Convergence in Probability: Discussion

The limit \(\bX\) can be random or deterministic
Convergence in probability written \(\bX_n\xrightarrow{p}\bX\)
\(\bX_N\xrightarrow{p} \bX\) is the same as \(\bX_N-\bX\xrightarrow{p} 0\)

Two Important Characterizations

Proposition 1 Let \(\bA_N, \bA\) be a \(m \times n\) matrices with \((i, j)\)th element \(a_{ij, N}\) and \(a_{ij}\). Then \[ \bA_N\xrightarrow{p}\bA \Leftrightarrow a_{ij, N} \xrightarrow a_{ij} \]

Proposition 2 \(\bX_N\xrightarrow{p}\bX\) if and only if \(P(\bX_N\in U)\to 1\) for any open set \(U\) that contains \(\bX\)

Definition of Consistency

Definition 3 The estimator (sequence) \(\hat{\theta}_N\) is consistent for \(\theta\) if as \(N\to\infty\) \[ \hat{\theta}_N(X_1, \dots, X_N) \xrightarrow{p} \theta \]

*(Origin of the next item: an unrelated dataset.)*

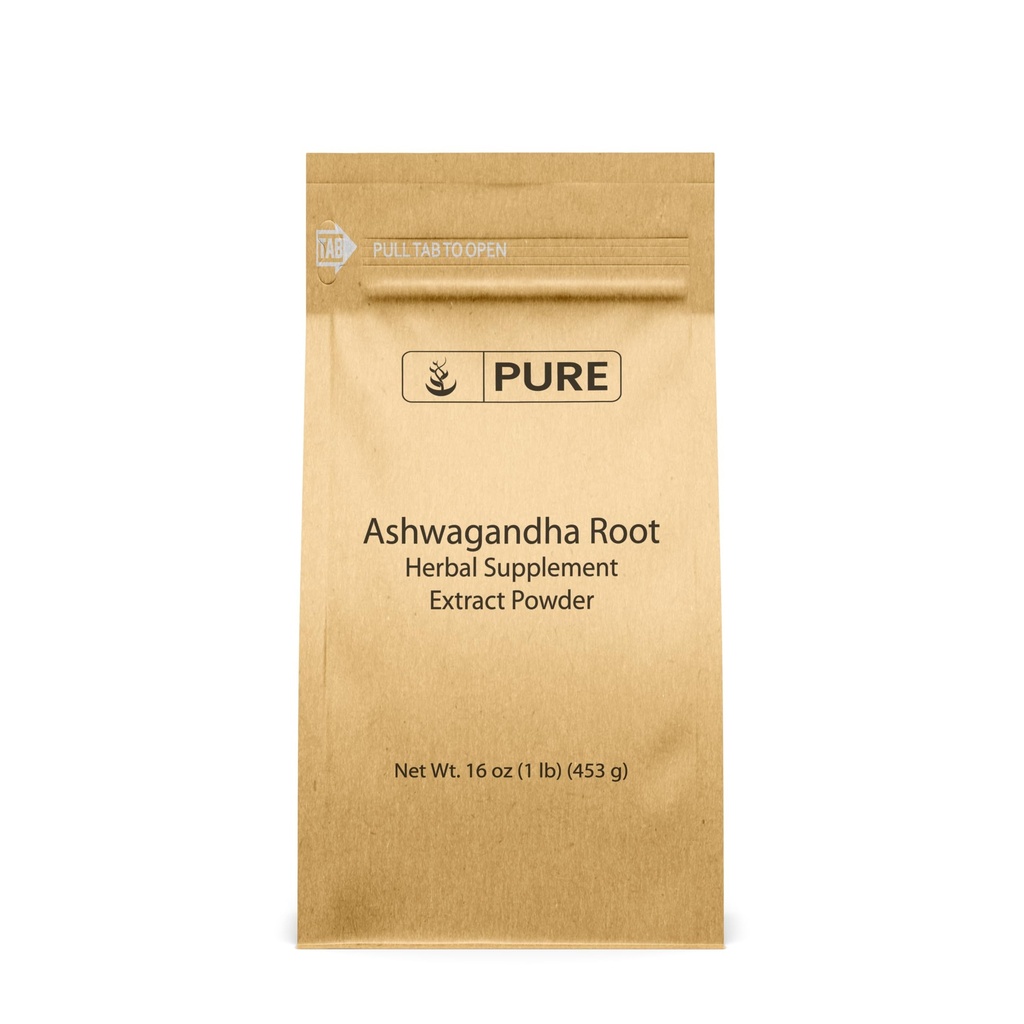 PURE ORIGINAL INGREDIENTS Ashwagandha (1lb) Doğal ve Saf, Vegan, Gluten-Free, Lab-TY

Note: we usually use the word “estimator” to refer to the whole sequence \(\curl{\hat{\theta}_N}\)

Tools for Showing Consistency

Two Approaches To Showing Consistency

Qualitative: just that convergence happens

Relies on laws of large numbers (LLNs) and related results
Approach in this course

Quantitive: shows that convergence happens and answers how fast

Usually based on concentration inequalities
Check out chapter 2 in Wainwright (2019)

Tool: (Weak) Law of Large Numbers

Proposition 3 Let \(\bX_1, \bX_2, \dots\) be a sequence of random vectors such that

\(\bX_i\) are independently and identically distributed (IID)
\(\E[\norm{\bX_i}]<\infty\)

Then \[ \small \dfrac{1}{N} \sum_{i=1}^N \bX_i \xrightarrow{p} \E[\bX_i] \]

Tool: Continuous Mapping Theorem

Proposition 4 Let \(\bX_N\xrightarrow{p}\bX\), and let \(f(\cdot)\) be continuous is some neighborhood of all the possible values of \(\bX\).

Then
\[ f(\bX_N) \xrightarrow{p} f(\bX) \]

In words: convergence in probability is preserved under continuous transformations

CMT Examples

Simple examples

If \(X_N\) is scalar and \(X_n\xrightarrow{p}X\), then
- \(X_N^2 \xrightarrow{p} X^2\)
- \(\max\curl{0, X_N}\xrightarrow \max\curl{0, X}\)
If \(\bX_N\to \bX\), \(\bX_N\in \R^p\) and \(\bA_N\xrightarrow{p}\bA\), \(\bA_N\in\R^{k\times p}\), then \[ \bA_N\bX_N\xrightarrow{p} \bA\bX \]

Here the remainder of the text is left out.